WHAT THE TASK REQUIRES
The whole listing below, with no pictures, is to be repeated as it stands.

** DATA RECORDS follows **

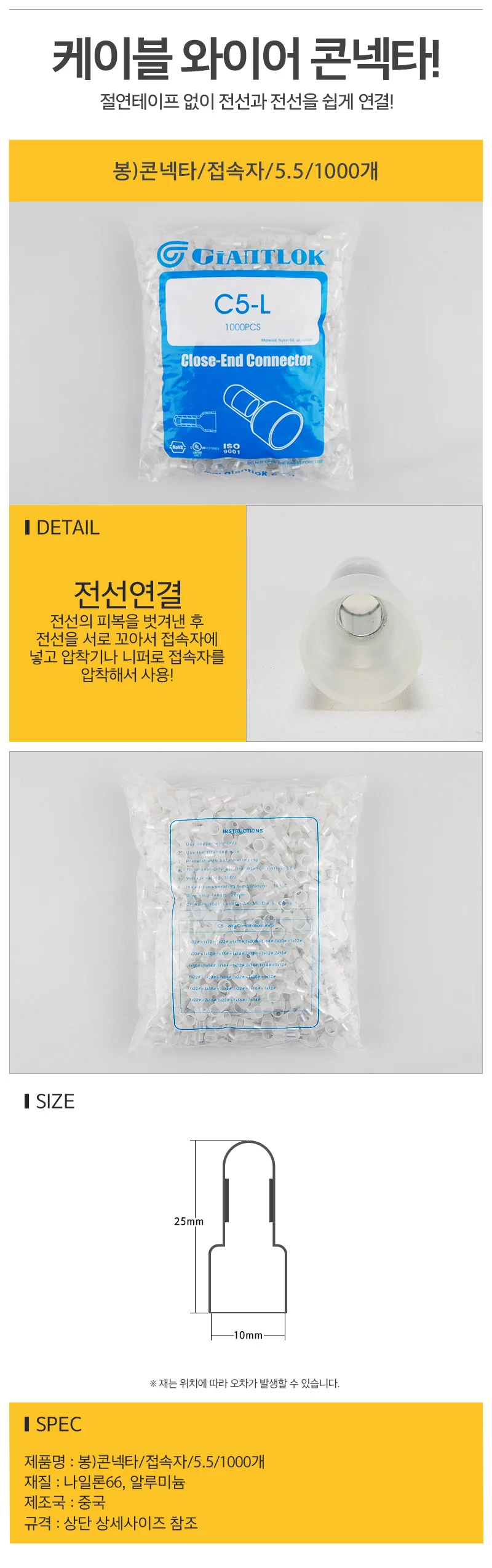 전선 커넥터 접속자 5.5 1000개 전기 배선 연결 자재 상세1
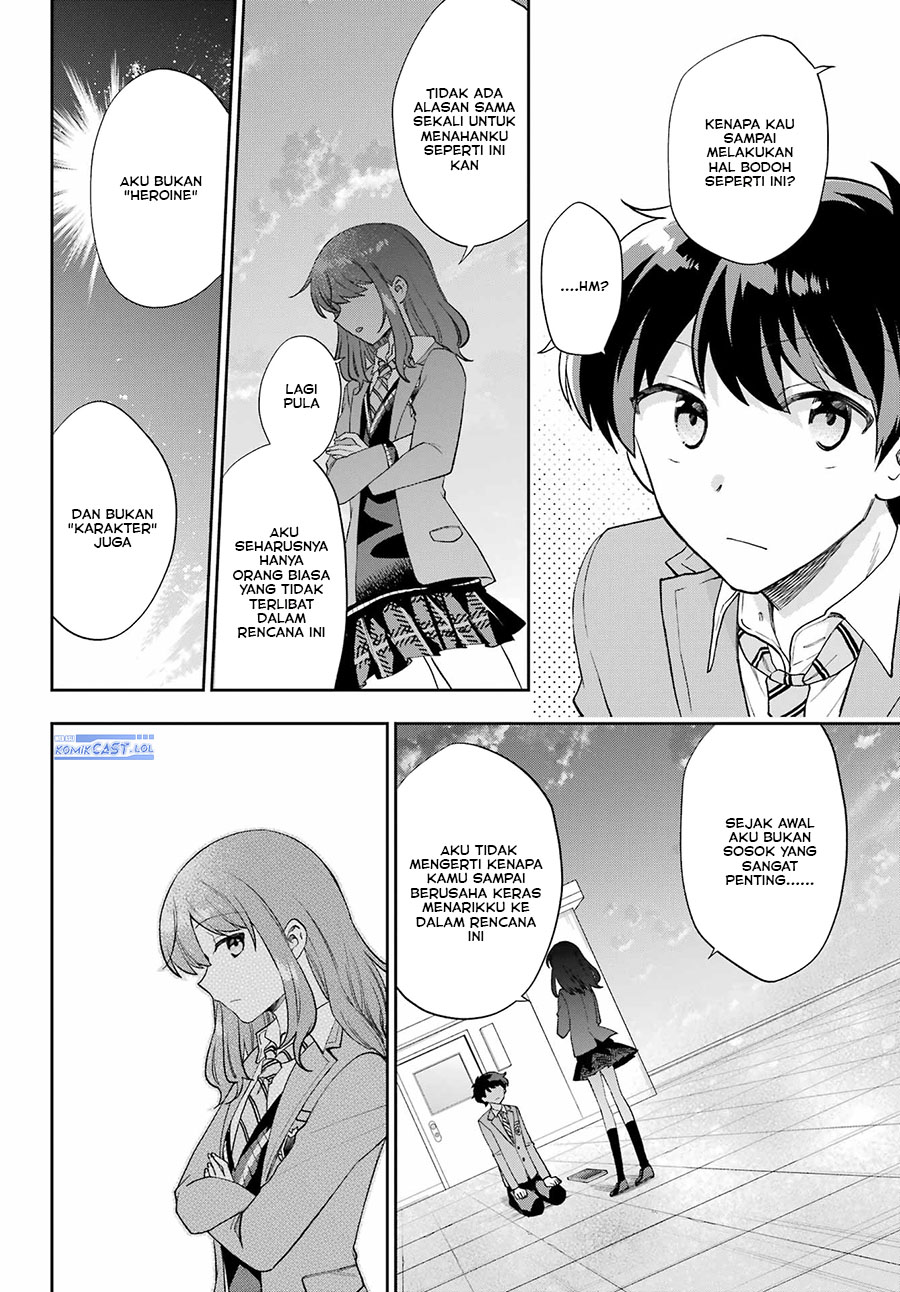Genjitsu de Love Comedy Dekinai to Dare ga Kimeta?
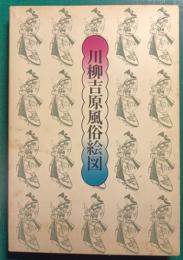 川柳吉原風俗絵図
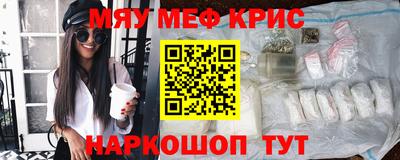 mdma Краснознаменск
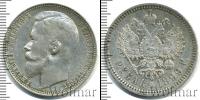 Монета 1894 – 1917 Николай II 1 рубль Серебро 1899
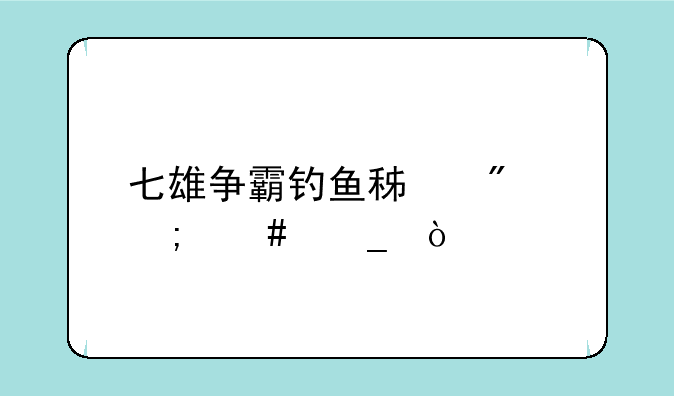 七雄争霸钓鱼积分怎么算？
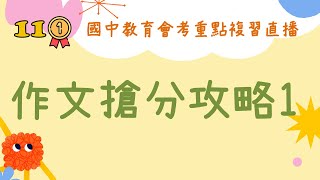 【111會考直播】會考作文搶分攻略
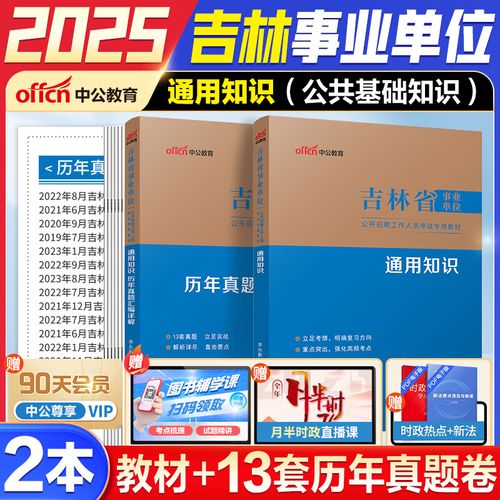 2025吉林事业单位真题难度如何？-图3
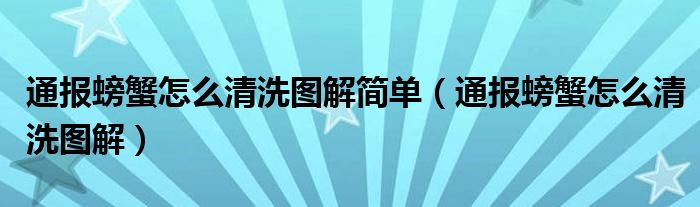 通报螃蟹怎么清洗图解简单（通报螃蟹怎么清洗图解）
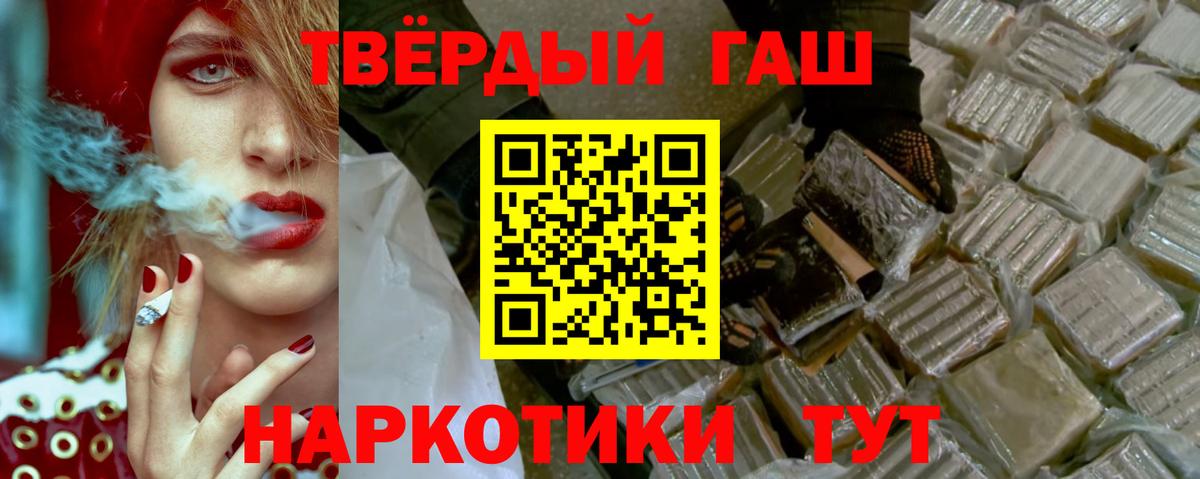 ГАШ hashish  ГАШ  Ростов Великий  ГАШ hashish  наркошоп  Вход с VPN 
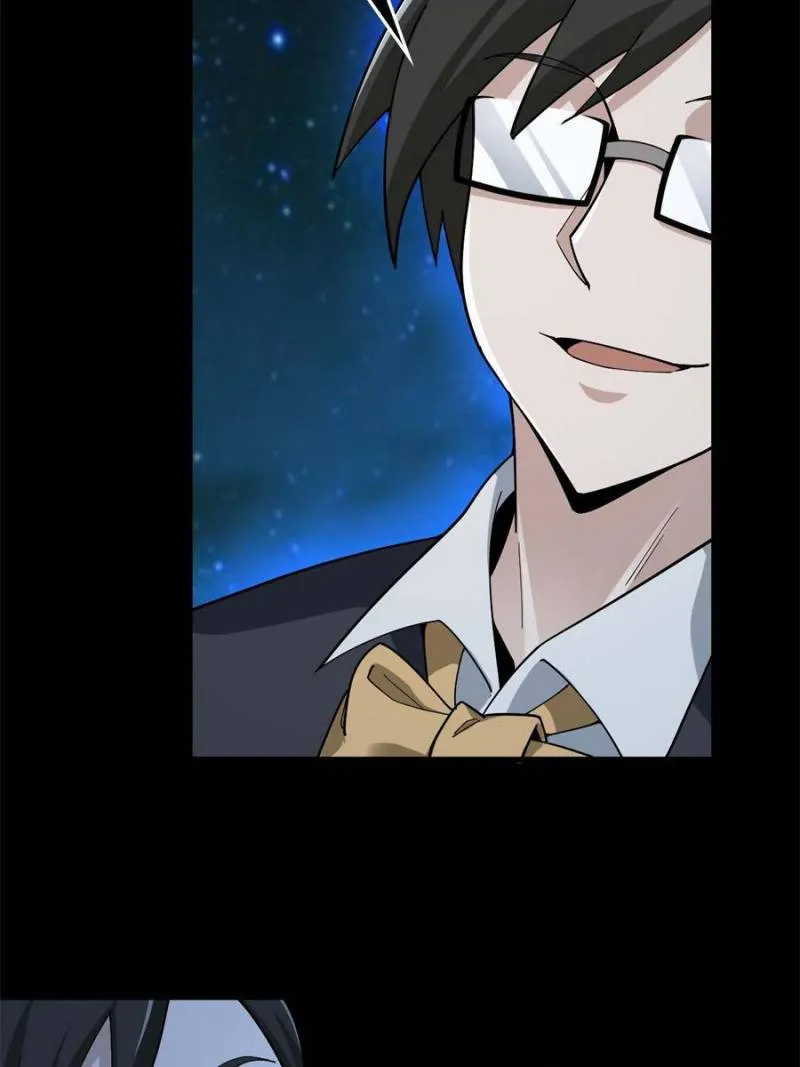 Page 23 of Chapter 70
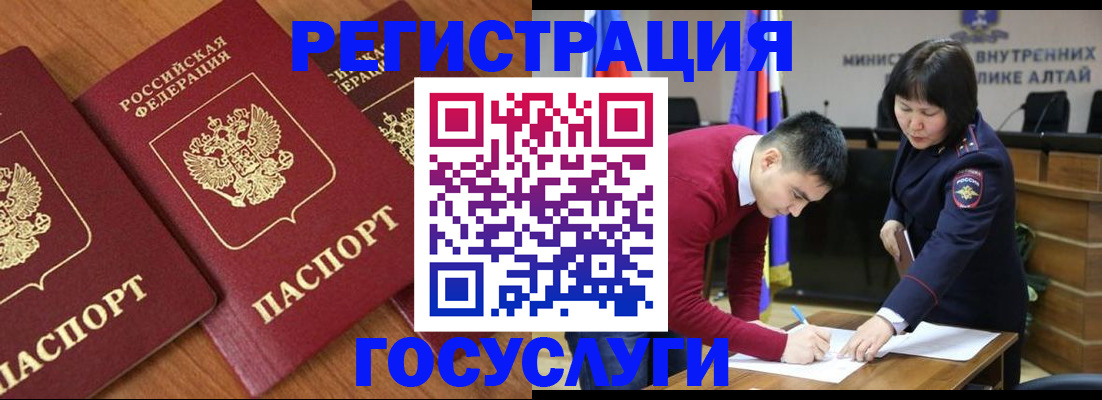 форма 3 в Камешково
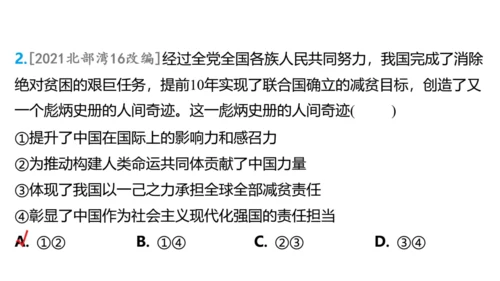 第二单元 世界舞台上的中国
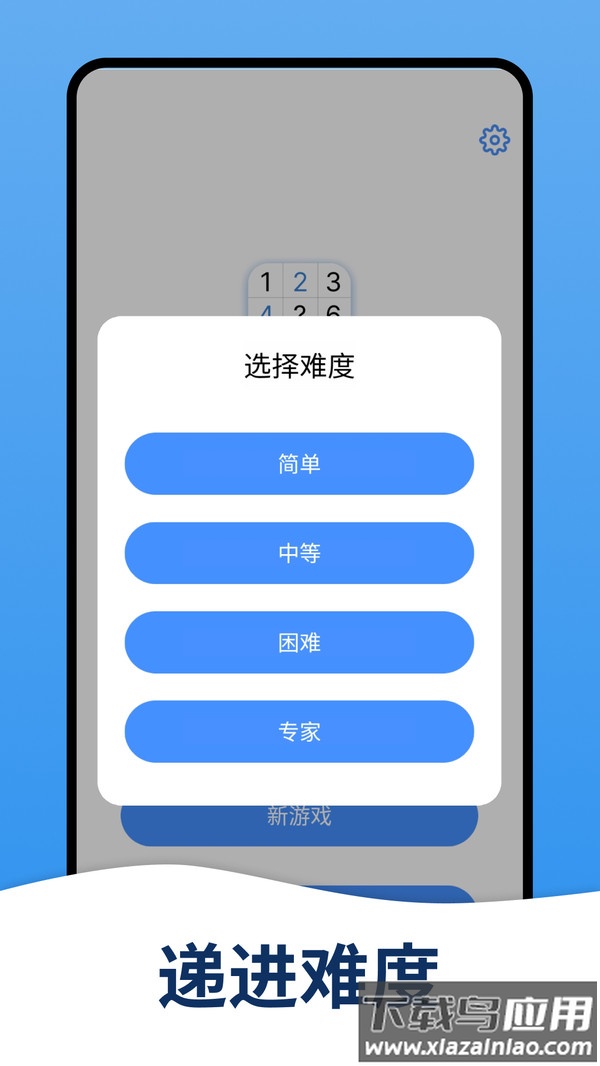 天天数独安卓版最新版截图3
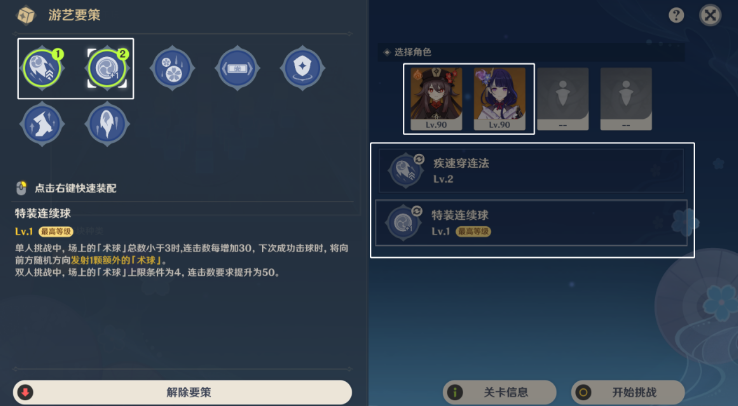 原神妖雾重重攻略
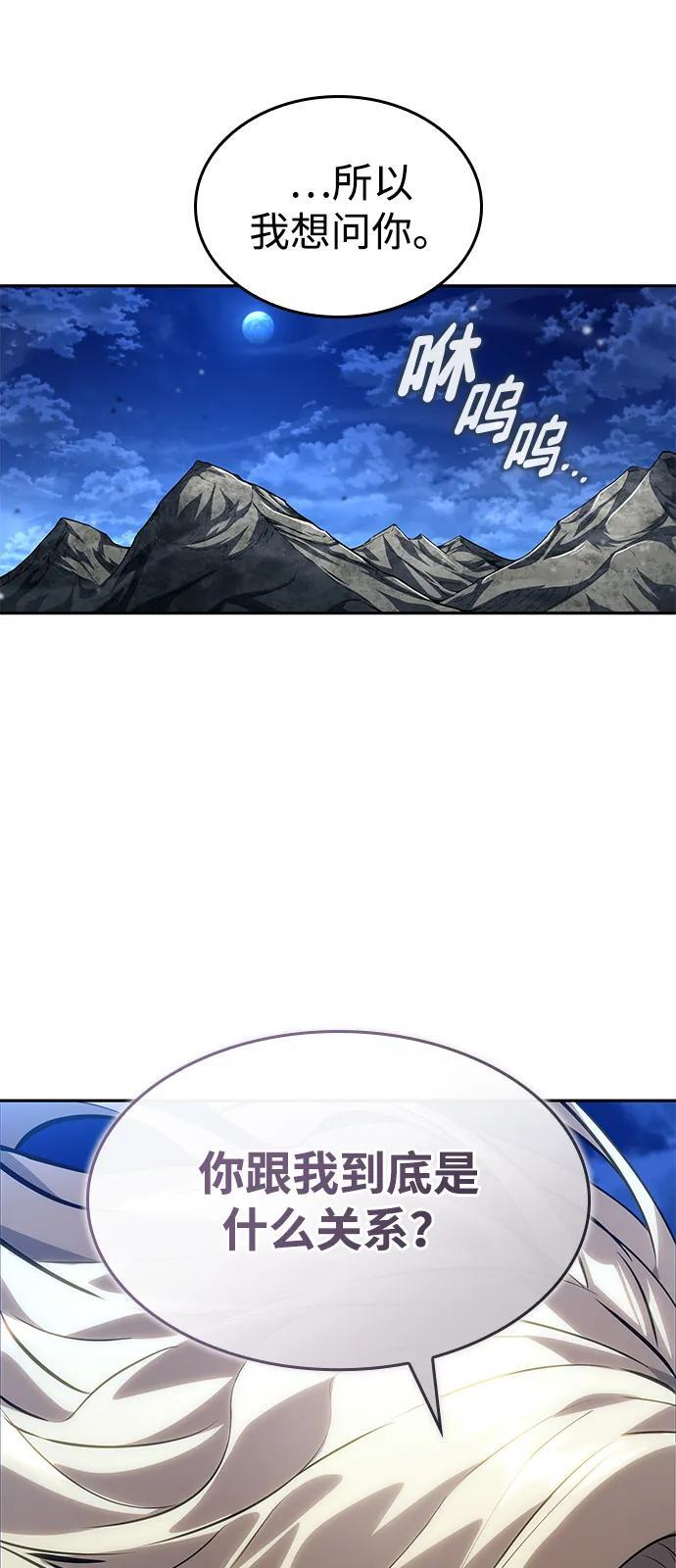 第154话 第82页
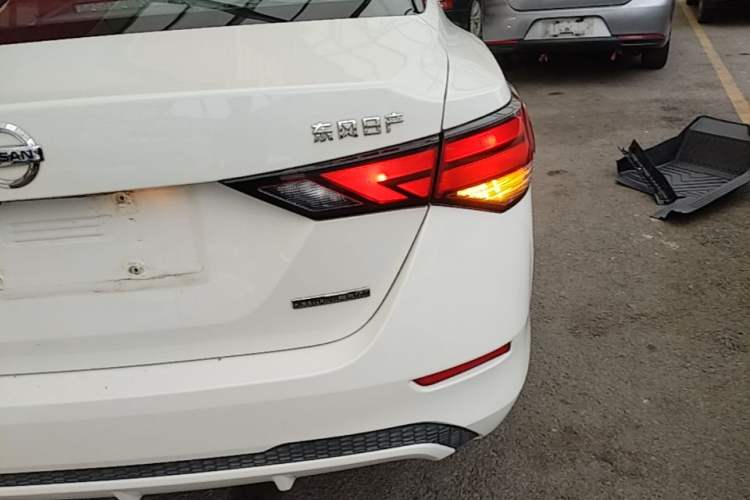 Used Nissan Sylphy 2020 1.6L XL CVT Enjoyment Edition Exterior 3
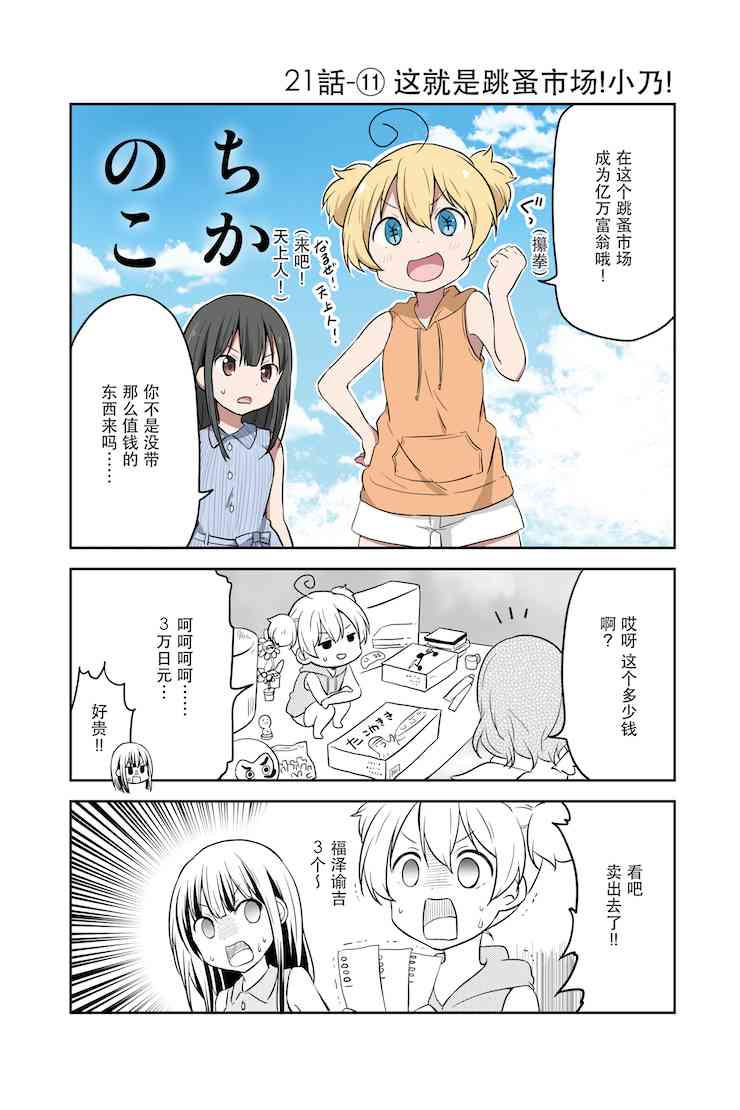 地底人 - 第21话 - 第12张图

** End of DATA RECORDS **

TASK RESULT
 전선 커넥터 접속자 5.5 1000개 전기 배선 연결 자재 상세1
Genjitsu de Love Comedy Dekinai to Dare ga Kimeta?
 川柳吉原風俗絵図
 mdma Краснознаменск
 Монета 1894 – 1917 Николай II 1 рубль Серебро 1899
 七雄争霸钓鱼积分怎么算？
 【111會考直播】會考作文搶分攻略
 2025吉林事业单位真题难度如何？-图3
 通报螃蟹怎么清洗图解简单（通报螃蟹怎么清洗图解）
 ГАШ hashish  ГАШ  Ростов Великий  ГАШ hashish  наркошоп  Вход с VPN 
 Page 23 of Chapter 70
 форма 3 в Камешково
 第二单元 世界舞台上的中国
 天天数独安卓版最新版截图3
 原神妖雾重重攻略
 第154话 第82页
 Used Nissan Sylphy 2020 1.6L XL CVT Enjoyment Edition Exterior 3
 地底人 - 第21话 - 第12张图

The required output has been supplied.